*WHAT TO PRODUCE:*
Using the entries that follow, write out the line containing "Dyfuzor zapachowy Culti", the line containing "云南信托研报：2020年上半年信托业盈利状况分析", and every line between them, exactly and nothing else.

Collected data entries
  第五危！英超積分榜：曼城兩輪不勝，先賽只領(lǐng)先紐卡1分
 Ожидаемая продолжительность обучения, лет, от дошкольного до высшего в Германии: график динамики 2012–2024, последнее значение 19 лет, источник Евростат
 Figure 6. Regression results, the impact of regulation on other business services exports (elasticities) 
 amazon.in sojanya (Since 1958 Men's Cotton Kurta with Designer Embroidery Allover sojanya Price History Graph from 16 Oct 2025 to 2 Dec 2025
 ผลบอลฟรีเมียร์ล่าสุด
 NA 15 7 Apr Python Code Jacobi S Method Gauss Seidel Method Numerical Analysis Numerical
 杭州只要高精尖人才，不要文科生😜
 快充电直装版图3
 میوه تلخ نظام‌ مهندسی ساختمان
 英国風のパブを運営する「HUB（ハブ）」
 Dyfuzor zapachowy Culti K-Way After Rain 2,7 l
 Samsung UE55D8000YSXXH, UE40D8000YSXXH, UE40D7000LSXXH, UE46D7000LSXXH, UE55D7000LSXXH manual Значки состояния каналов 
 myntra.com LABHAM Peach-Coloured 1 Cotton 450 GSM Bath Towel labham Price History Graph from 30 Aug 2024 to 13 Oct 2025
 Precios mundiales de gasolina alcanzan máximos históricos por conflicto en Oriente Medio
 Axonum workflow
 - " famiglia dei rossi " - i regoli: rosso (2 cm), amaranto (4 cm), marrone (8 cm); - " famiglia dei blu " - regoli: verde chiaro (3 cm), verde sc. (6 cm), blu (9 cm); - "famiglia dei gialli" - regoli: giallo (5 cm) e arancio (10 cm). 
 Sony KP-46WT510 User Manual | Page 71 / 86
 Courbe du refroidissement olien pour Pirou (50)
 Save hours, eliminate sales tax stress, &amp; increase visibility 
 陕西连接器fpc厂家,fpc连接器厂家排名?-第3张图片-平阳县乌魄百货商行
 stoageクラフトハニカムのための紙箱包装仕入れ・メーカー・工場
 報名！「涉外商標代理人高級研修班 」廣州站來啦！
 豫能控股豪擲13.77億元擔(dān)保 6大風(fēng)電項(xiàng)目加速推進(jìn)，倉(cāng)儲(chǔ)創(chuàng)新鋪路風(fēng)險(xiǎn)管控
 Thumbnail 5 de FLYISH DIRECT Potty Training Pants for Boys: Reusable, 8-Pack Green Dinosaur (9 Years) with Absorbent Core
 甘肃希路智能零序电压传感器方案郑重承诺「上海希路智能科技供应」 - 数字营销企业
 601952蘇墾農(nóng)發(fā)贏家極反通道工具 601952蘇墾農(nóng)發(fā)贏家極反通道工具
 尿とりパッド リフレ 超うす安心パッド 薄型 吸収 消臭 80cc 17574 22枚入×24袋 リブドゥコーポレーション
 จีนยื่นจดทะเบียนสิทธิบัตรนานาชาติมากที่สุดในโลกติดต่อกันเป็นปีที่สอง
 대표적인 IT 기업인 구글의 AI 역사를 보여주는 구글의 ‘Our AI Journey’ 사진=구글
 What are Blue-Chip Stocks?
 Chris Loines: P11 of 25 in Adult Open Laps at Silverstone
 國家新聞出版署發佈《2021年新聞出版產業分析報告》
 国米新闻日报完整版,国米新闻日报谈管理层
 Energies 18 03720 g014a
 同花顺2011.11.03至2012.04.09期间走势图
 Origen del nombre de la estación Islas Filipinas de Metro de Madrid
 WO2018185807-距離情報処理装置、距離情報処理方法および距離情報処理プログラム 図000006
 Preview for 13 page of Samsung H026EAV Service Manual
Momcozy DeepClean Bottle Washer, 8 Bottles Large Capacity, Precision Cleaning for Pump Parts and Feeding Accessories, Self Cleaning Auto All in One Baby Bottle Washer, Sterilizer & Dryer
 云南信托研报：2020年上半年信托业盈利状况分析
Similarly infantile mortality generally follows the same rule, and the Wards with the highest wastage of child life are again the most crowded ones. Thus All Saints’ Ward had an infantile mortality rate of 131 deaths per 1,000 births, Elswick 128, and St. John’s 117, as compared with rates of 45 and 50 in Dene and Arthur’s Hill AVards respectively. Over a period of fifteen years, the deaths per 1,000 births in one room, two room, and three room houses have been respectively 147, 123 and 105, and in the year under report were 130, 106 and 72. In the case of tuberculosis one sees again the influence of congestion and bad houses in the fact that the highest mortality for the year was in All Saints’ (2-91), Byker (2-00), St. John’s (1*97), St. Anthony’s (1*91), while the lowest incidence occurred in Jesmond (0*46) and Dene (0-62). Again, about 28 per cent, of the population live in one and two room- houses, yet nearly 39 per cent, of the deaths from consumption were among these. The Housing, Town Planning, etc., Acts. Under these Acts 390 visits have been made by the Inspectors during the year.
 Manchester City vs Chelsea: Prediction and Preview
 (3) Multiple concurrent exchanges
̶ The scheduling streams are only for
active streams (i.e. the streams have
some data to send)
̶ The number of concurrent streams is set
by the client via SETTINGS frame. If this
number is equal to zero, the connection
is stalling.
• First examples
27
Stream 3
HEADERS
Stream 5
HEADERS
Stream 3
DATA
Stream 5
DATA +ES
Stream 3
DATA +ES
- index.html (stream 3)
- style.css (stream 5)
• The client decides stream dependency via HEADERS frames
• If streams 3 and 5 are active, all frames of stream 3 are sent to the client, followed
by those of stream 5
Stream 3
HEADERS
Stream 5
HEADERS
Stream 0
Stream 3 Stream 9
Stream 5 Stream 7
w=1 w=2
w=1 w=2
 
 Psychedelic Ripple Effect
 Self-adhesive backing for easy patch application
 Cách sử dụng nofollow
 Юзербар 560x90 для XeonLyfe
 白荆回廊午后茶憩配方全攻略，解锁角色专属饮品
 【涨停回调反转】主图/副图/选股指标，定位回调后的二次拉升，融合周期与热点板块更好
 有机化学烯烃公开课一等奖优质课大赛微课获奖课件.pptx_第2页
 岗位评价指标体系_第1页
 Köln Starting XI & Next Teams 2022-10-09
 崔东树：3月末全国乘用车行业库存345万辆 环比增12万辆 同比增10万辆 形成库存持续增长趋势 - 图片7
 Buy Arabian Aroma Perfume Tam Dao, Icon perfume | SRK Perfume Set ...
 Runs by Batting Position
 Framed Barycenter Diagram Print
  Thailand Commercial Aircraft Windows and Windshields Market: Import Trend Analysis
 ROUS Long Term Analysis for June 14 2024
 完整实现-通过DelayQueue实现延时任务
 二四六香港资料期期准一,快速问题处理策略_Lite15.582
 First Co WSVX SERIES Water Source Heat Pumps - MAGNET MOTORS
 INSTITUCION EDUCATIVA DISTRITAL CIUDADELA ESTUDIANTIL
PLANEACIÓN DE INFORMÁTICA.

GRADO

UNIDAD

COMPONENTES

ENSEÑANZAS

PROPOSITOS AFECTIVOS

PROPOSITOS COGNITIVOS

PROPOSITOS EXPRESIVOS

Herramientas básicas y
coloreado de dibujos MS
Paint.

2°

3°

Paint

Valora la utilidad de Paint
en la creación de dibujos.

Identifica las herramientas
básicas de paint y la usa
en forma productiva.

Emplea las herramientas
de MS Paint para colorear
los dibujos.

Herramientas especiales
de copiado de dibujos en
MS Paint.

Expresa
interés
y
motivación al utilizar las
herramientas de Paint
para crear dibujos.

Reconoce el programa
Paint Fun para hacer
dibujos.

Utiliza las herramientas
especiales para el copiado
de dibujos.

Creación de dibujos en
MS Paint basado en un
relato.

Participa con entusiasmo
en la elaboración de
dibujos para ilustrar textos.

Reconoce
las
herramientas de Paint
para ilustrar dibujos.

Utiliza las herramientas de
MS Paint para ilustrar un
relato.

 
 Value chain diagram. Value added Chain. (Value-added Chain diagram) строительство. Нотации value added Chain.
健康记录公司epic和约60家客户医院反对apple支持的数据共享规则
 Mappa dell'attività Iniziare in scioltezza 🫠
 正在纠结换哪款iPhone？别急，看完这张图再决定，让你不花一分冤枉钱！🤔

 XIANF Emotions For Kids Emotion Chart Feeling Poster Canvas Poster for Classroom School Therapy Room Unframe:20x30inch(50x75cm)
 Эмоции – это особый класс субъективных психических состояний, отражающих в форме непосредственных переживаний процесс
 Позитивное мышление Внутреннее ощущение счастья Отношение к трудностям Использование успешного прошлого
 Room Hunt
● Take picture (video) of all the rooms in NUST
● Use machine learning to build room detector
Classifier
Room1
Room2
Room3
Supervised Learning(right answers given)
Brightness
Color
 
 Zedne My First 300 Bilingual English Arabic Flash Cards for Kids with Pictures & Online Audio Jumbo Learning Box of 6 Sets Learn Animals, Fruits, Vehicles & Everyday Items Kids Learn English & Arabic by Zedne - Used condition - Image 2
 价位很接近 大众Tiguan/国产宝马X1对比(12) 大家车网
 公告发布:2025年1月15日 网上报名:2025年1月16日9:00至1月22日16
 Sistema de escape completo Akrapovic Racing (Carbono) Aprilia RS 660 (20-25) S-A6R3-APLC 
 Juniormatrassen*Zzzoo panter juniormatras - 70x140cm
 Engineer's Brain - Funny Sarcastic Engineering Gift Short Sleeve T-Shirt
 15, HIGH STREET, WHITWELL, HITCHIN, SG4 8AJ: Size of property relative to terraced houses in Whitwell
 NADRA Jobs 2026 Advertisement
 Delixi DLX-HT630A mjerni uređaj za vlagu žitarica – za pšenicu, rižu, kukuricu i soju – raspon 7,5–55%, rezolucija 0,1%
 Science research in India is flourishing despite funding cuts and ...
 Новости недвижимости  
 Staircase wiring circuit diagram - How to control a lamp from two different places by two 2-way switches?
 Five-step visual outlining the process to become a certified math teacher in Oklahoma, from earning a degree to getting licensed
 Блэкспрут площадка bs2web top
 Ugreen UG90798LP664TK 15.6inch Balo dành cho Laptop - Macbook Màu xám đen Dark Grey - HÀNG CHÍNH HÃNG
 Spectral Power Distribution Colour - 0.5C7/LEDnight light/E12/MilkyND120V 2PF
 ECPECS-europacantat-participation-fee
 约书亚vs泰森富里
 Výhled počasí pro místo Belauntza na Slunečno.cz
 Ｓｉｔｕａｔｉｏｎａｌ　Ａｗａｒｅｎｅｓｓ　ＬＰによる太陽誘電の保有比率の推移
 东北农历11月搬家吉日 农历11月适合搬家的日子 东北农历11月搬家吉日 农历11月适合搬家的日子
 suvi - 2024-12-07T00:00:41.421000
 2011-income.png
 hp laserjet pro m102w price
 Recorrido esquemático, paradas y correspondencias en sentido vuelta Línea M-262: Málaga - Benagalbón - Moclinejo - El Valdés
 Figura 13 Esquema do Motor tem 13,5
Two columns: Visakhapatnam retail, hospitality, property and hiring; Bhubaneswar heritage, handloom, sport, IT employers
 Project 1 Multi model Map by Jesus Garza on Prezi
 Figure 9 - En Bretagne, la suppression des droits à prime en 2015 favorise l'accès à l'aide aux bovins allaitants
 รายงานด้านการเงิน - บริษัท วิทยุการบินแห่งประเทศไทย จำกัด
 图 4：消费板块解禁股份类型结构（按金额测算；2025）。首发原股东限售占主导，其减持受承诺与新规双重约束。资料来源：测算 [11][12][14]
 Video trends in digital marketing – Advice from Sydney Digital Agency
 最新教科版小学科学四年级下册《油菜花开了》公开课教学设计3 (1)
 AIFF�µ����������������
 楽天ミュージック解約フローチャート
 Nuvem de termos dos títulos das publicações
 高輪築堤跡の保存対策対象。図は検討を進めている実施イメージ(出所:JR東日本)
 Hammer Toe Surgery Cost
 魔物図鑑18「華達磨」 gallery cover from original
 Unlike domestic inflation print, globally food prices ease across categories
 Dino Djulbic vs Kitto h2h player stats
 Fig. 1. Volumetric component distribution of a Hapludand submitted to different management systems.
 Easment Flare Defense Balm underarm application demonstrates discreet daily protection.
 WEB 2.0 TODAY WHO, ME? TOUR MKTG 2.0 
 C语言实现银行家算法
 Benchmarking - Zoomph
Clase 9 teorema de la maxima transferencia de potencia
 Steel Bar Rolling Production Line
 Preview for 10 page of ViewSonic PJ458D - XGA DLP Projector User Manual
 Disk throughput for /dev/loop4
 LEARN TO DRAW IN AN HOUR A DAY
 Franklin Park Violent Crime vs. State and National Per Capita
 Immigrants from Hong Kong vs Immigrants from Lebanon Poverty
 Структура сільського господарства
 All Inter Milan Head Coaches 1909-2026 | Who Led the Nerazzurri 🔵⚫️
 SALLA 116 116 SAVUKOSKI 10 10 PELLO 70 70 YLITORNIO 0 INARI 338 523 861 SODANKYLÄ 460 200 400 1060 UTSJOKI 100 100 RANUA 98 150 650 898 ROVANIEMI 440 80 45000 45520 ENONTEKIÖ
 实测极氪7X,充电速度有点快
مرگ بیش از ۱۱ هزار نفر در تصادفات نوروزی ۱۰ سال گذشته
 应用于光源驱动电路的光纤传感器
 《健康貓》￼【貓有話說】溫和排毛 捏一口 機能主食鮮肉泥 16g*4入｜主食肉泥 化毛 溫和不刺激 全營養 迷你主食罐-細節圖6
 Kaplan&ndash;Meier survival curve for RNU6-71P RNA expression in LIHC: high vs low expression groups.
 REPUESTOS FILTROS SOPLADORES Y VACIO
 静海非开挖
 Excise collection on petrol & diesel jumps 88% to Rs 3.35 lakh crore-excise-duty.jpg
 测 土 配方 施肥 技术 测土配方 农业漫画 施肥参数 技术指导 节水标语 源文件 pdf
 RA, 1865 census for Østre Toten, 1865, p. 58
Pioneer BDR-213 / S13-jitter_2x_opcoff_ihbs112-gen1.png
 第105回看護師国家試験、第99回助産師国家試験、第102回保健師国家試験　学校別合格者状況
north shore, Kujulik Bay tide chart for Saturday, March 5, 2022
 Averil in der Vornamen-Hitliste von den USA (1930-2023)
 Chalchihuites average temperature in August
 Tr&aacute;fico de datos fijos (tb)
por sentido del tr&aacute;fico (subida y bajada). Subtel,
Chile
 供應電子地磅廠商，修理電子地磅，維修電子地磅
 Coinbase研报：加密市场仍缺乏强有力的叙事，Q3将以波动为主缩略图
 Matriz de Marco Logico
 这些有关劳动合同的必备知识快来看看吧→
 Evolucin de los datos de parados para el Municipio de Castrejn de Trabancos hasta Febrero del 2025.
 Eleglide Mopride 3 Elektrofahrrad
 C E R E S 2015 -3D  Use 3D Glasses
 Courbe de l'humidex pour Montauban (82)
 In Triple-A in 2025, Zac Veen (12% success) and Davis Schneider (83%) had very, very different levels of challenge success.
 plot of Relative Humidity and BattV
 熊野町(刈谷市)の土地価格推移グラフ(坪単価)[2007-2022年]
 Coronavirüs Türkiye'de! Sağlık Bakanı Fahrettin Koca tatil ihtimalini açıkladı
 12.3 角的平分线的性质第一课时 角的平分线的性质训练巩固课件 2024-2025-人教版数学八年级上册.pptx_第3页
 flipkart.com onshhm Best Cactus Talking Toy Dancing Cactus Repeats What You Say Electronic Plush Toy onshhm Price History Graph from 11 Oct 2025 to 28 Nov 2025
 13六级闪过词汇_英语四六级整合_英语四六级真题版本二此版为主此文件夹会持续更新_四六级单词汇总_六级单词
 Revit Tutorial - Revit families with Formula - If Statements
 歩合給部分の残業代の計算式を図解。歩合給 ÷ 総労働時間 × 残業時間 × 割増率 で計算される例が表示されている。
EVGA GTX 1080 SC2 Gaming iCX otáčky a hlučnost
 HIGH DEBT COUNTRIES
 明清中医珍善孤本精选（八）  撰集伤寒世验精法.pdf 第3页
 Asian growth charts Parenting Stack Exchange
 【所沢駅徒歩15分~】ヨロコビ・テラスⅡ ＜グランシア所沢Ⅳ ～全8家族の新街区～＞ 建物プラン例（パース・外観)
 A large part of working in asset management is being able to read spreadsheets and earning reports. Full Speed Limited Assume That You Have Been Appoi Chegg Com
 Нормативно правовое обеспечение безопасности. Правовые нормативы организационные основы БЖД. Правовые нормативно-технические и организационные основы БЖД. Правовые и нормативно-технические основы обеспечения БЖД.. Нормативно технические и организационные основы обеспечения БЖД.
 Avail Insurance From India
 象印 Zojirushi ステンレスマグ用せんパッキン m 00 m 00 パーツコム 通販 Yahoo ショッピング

*EXPECTED OUTPUT:*
 Dyfuzor zapachowy Culti K-Way After Rain 2,7 l
 Samsung UE55D8000YSXXH, UE40D8000YSXXH, UE40D7000LSXXH, UE46D7000LSXXH, UE55D7000LSXXH manual Значки состояния каналов 
 myntra.com LABHAM Peach-Coloured 1 Cotton 450 GSM Bath Towel labham Price History Graph from 30 Aug 2024 to 13 Oct 2025
 Precios mundiales de gasolina alcanzan máximos históricos por conflicto en Oriente Medio
 Axonum workflow
 - " famiglia dei rossi " - i regoli: rosso (2 cm), amaranto (4 cm), marrone (8 cm); - " famiglia dei blu " - regoli: verde chiaro (3 cm), verde sc. (6 cm), blu (9 cm); - "famiglia dei gialli" - regoli: giallo (5 cm) e arancio (10 cm). 
 Sony KP-46WT510 User Manual | Page 71 / 86
 Courbe du refroidissement olien pour Pirou (50)
 Save hours, eliminate sales tax stress, &amp; increase visibility 
 陕西连接器fpc厂家,fpc连接器厂家排名?-第3张图片-平阳县乌魄百货商行
 stoageクラフトハニカムのための紙箱包装仕入れ・メーカー・工場
 報名！「涉外商標代理人高級研修班 」廣州站來啦！
 豫能控股豪擲13.77億元擔(dān)保 6大風(fēng)電項(xiàng)目加速推進(jìn)，倉(cāng)儲(chǔ)創(chuàng)新鋪路風(fēng)險(xiǎn)管控
 Thumbnail 5 de FLYISH DIRECT Potty Training Pants for Boys: Reusable, 8-Pack Green Dinosaur (9 Years) with Absorbent Core
 甘肃希路智能零序电压传感器方案郑重承诺「上海希路智能科技供应」 - 数字营销企业
 601952蘇墾農(nóng)發(fā)贏家極反通道工具 601952蘇墾農(nóng)發(fā)贏家極反通道工具
 尿とりパッド リフレ 超うす安心パッド 薄型 吸収 消臭 80cc 17574 22枚入×24袋 リブドゥコーポレーション
 จีนยื่นจดทะเบียนสิทธิบัตรนานาชาติมากที่สุดในโลกติดต่อกันเป็นปีที่สอง
 대표적인 IT 기업인 구글의 AI 역사를 보여주는 구글의 ‘Our AI Journey’ 사진=구글
 What are Blue-Chip Stocks?
 Chris Loines: P11 of 25 in Adult Open Laps at Silverstone
 國家新聞出版署發佈《2021年新聞出版產業分析報告》
 国米新闻日报完整版,国米新闻日报谈管理层
 Energies 18 03720 g014a
 同花顺2011.11.03至2012.04.09期间走势图
 Origen del nombre de la estación Islas Filipinas de Metro de Madrid
 WO2018185807-距離情報処理装置、距離情報処理方法および距離情報処理プログラム 図000006
 Preview for 13 page of Samsung H026EAV Service Manual
Momcozy DeepClean Bottle Washer, 8 Bottles Large Capacity, Precision Cleaning for Pump Parts and Feeding Accessories, Self Cleaning Auto All in One Baby Bottle Washer, Sterilizer & Dryer
 云南信托研报：2020年上半年信托业盈利状况分析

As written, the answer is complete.